Capabilities

Cambridge Pixel can provide modules-of-expertise for processing and display of radar video and related data, as well as camera video. Select from the tabs below to see what capabilities we can provide.

  • Radar Interfacing

    Radars that provide analogue signal outputs require dedicated interface hardware, Cambridge Pixel has a range of radar interface cards. Some modern radars provide an IP network radar video output, which may be received directly into the host machine's Ethernet port. Cambridge Pixel supports a number of different network radar video formats.

  • Radar Tracking

    Tracking is the process of extracting real target information from the primary radar video. The process involves removing or reducing noise and clutter, target detection and then correlation of these detections over time. Track messages may then be sent to clients for display or further processing, such as fusion.

  • Network Distribution

    Acquired primary radar video can be compressed and distributed over the network, within UDP packets. Even radar video that was received into the system as network data may be processed and/or re-formatted before being sent back out. Very low latencies are possible.

  • Recording

    Polar radar video data can be compressed and saved to disk. The entire radar video coverage is recorded, regardless of which portion is being viewed or how it is displayed on the screen at the time. This means that recordings may be reviewed at a later date and examined for details that may have been missed originally.

  • Display Applications

    Cambridge Pixel can supply standard radar display applications (e.g. RadarView) through to framework applications that may be modified and adapted by customers, to bespoke aplications which meet a defined set of requirements.
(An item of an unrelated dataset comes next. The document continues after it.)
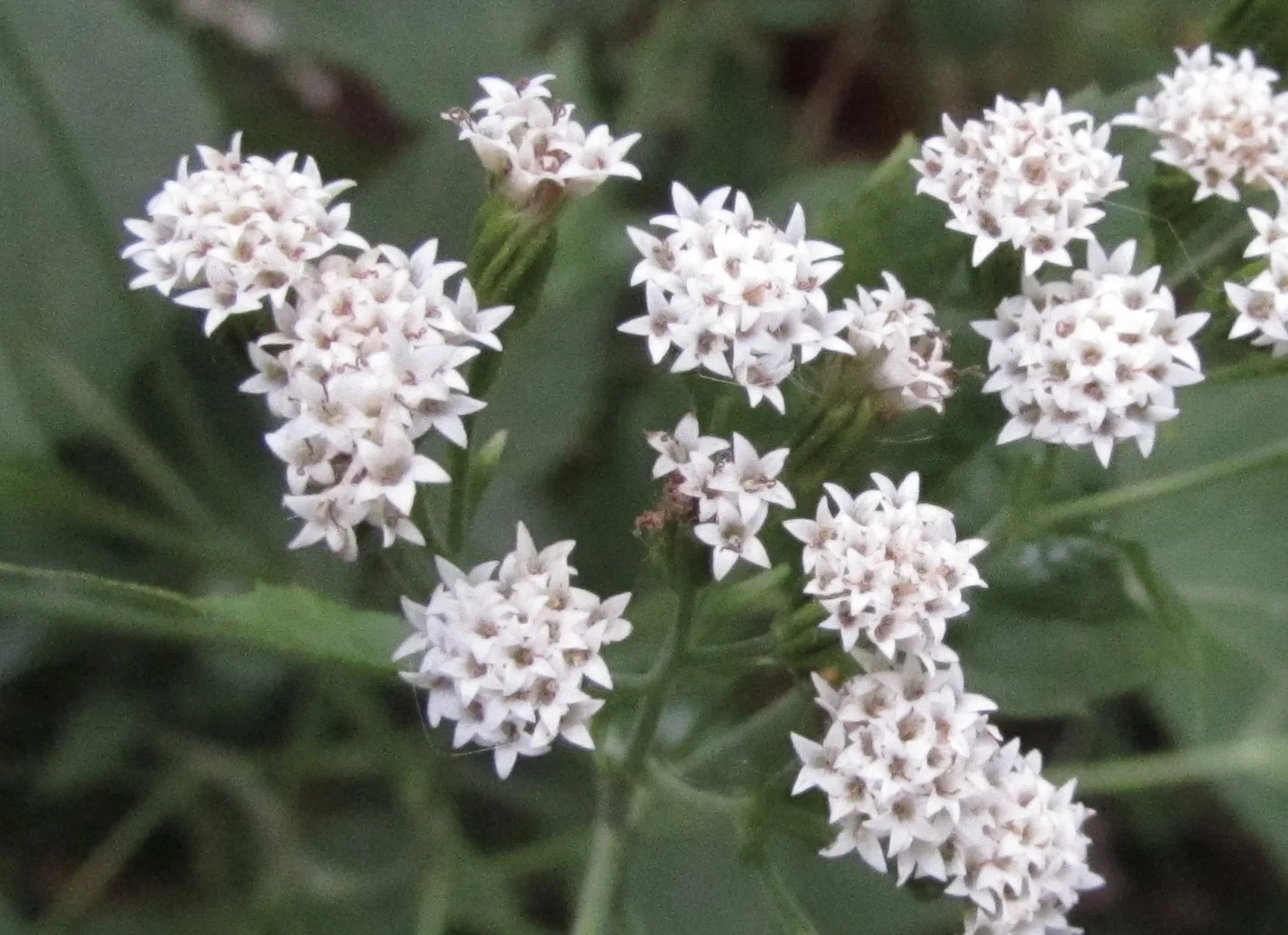 A Framework for Defining the Scope of Data Governance Strategy Projects (Part 2)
  • Software Development Kit

    Cambridge Pixel can supply software toolkits, providing developers with the freedom and flexibility to develop their own radar processing and display applications. Support is available for developers using C/C++, Java and .NET languages.

  • Radar Interfacing

    Secondary radars may provide analogue video and control signals and therefore require dedicated interface hardware. Alternatively, they may output secondary plot/track messages over serial or network interface, which may be received straight into software.

  • Radar Tracking

    Tracking is the process of extracting real target information from the radar video or plot information. The process involves target detection and then correlation of these detections over time. Track messages may then be sent to clients for display or further processing, such as fusion with primary track information.

  • Track Fusion

    Track fusion is a means of aggregating primary and secondary track information, taking the best elements of both. Unlike secondary radar, primary radar does not rely on cooperation of an aircraft transponder, so fusion of primary and secondary tracks can provide a more robust view of the air situation than secondary tracks alone.

  • Recording

    Polar radar video data can be compressed and saved to disk. The entire radar video coverage is recorded, regardless of which portion is being viewed or how it is displayed on the screen at the time. This means that recordings may be reviewed at a later date and examined for details that may have been missed originally.

  • Display Applications

    Cambridge Pixel has developed the ASD-100 display application specifically for air surveillance projects involving display of secondary radar data. ASD-100 is a ready-to-run application but source code packages are also available, allowing developers to modify ASD-100 to suit their precise requirements.

  • Software Development Kit

    Cambridge Pixel can supply software toolkits, providing developers with the freedom and flexibility to develop their own radar processing and display applications. Support is available for developers using C/C++, Java and .NET languages.

  • Radar-Camera Integration

    Our video software can interface to camera video sources via numerous third-party capture devices or receives H.264 video directly via RTSP/RTP connection. The combination of radar and camera video support allows fully-integrated security and surveillance applications to be developed.

  • Tracking

    Camera video may be analysed to extract a target of interest, which may then be tracked from frame-to-frame. The tracking output can be used to steer the camera, keeping the target within the camera's field of view, used to raise an alarm or to cue external systems.

  • Slew-to-Cue

    Within integrated radar and camera video display applications, the positioning of a steerable PTZ camera can be based on radar track information. The user may select a target that the radar has detected and the camera is then slewed to the target's direction. As the target moves the camera direction is updated automatically.

  • Recording

    Camera video recording can be integrated at either end of a server-client system and can take advantage of hardware acceleration to compress the video data, before saving it to disk. Multiple channels may be saved together, ensuring synchronisation on replay. Recording of network video packet data is also supported.

  • Display Applications

    Cambridge Pixel has number of options available for camera video display applications, including a fully-integrated, multi-camera, multi-radar surveillance application. Bespoke display applications and custom developments may also be possible. Please ask us if you have specific requirements.

  • Software Development Kit

    Cambridge Pixel can supply software toolkits, providing developers with the freedom and flexibility to develop their own camera video processing and display applications. Support is available for developers using C/C++.